─── Data provided ───
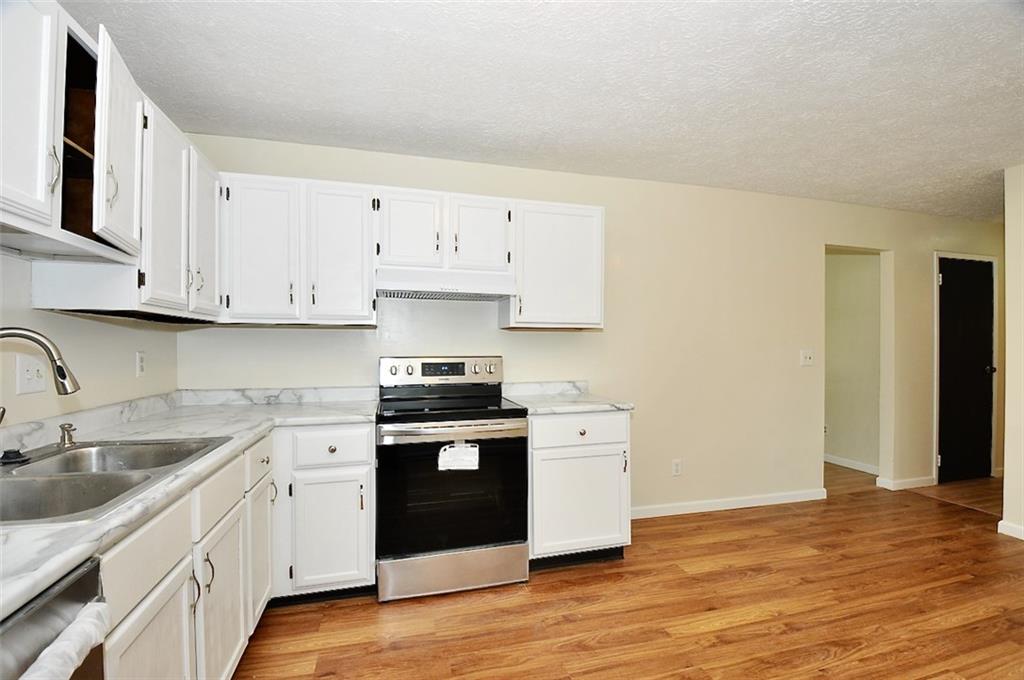 5523 West Epler Road Indianapolis, IN 46221 - Photo 15 of 49 Gallery Image 15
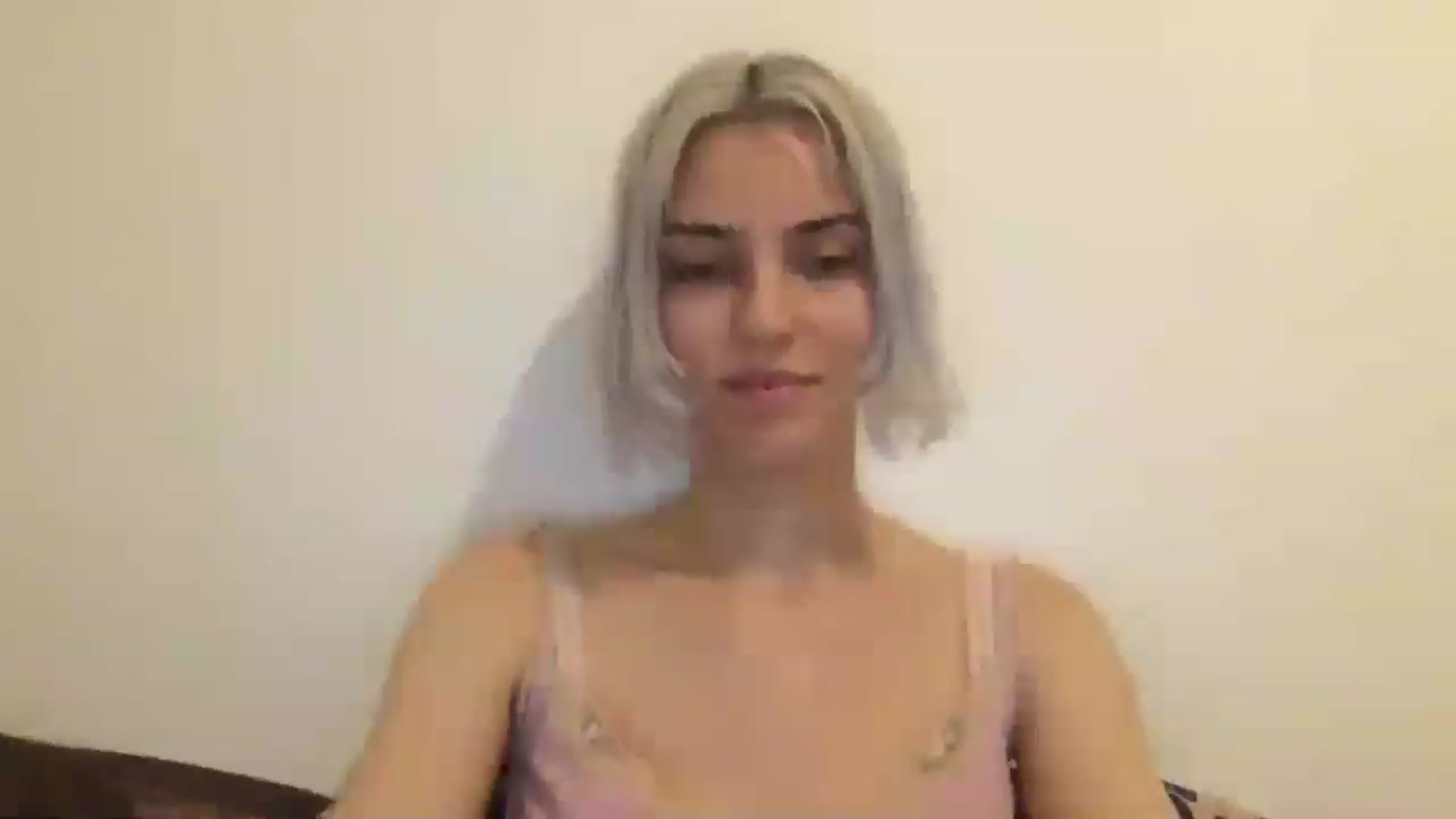 Gallery image thumbnail from LLuckyGirl's myfreecams stream on, 08/24/2024, 23:56 image 9 of 20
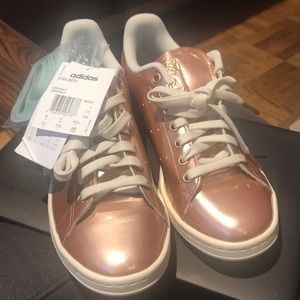 Adidas Stan Smith size 9.5. Copper metallic color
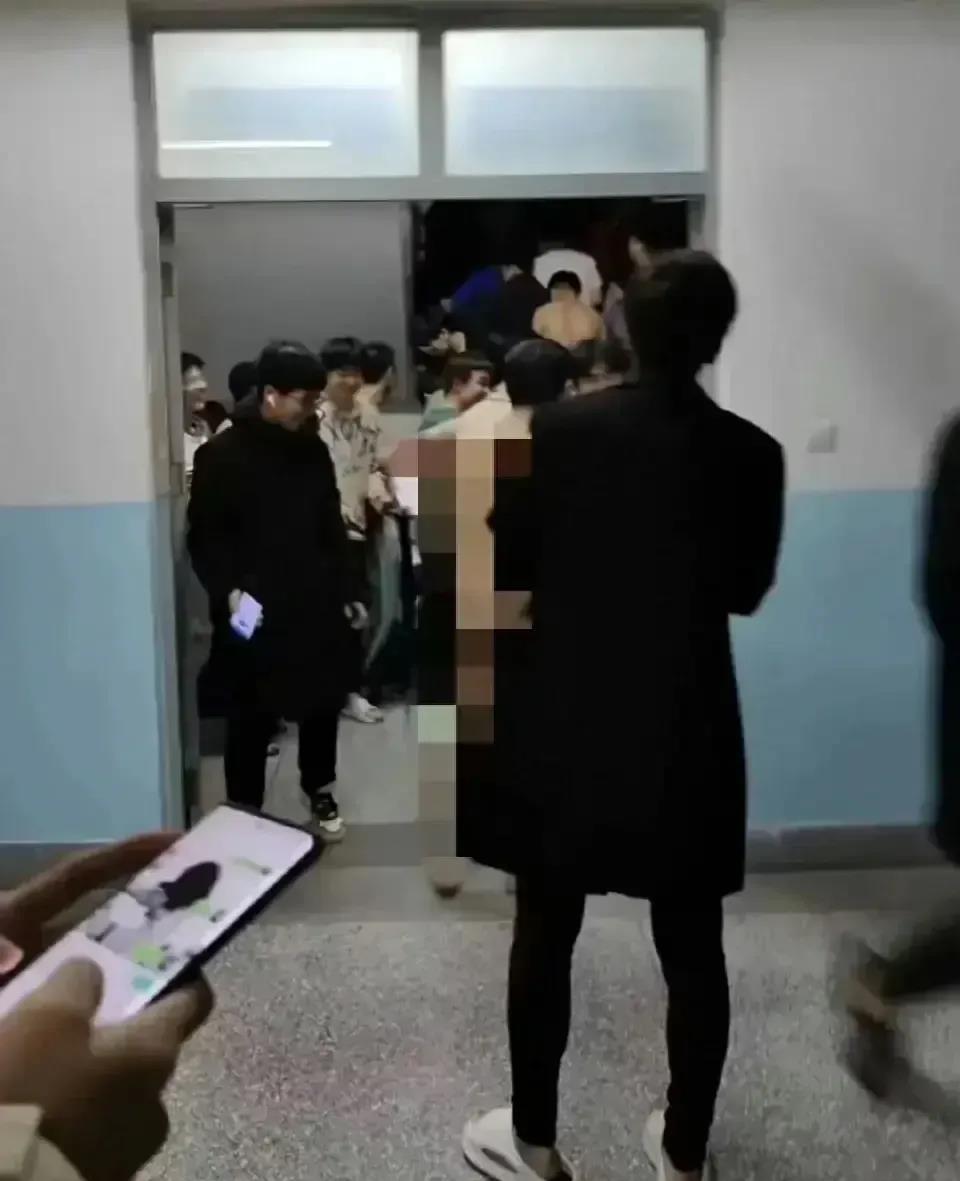 甘肃地震中，一个爱裸睡的年轻人因紧急逃生未及穿衣就匆匆冲出。遗憾的是，他在楼梯间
───
▸ Work to be completed
Retype the data shown above exactly, excluding any picture it contains.

▸ Reply
 5523 West Epler Road Indianapolis, IN 46221 - Photo 15 of 49 Gallery Image 15
 Gallery image thumbnail from LLuckyGirl's myfreecams stream on, 08/24/2024, 23:56 image 9 of 20
 Adidas Stan Smith size 9.5. Copper metallic color
 甘肃地震中，一个爱裸睡的年轻人因紧急逃生未及穿衣就匆匆冲出。遗憾的是，他在楼梯间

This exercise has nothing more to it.